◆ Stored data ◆

* * * * *

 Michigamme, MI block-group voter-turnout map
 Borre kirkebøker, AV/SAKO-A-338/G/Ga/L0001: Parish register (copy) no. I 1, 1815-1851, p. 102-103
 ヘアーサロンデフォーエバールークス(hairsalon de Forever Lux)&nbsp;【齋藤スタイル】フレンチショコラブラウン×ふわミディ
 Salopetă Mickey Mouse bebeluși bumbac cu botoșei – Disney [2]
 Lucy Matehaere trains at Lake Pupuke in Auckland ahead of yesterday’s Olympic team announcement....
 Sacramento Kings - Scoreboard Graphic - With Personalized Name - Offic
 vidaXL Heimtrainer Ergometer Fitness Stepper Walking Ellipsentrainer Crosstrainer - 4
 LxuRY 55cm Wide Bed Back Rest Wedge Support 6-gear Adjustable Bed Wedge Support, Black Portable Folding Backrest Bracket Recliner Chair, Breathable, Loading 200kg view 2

* * * * *

Only the lines from the one containing "ヘアーサロンデフォーエバールークス(hairsalon de Forever" through the final line of the data belong in the answer, repeated exactly.

◆ EXERCISE SOLUTION ◆
 ヘアーサロンデフォーエバールークス(hairsalon de Forever Lux)&nbsp;【齋藤スタイル】フレンチショコラブラウン×ふわミディ
 Salopetă Mickey Mouse bebeluși bumbac cu botoșei – Disney [2]
 Lucy Matehaere trains at Lake Pupuke in Auckland ahead of yesterday’s Olympic team announcement....
 Sacramento Kings - Scoreboard Graphic - With Personalized Name - Offic
 vidaXL Heimtrainer Ergometer Fitness Stepper Walking Ellipsentrainer Crosstrainer - 4
 LxuRY 55cm Wide Bed Back Rest Wedge Support 6-gear Adjustable Bed Wedge Support, Black Portable Folding Backrest Bracket Recliner Chair, Breathable, Loading 200kg view 2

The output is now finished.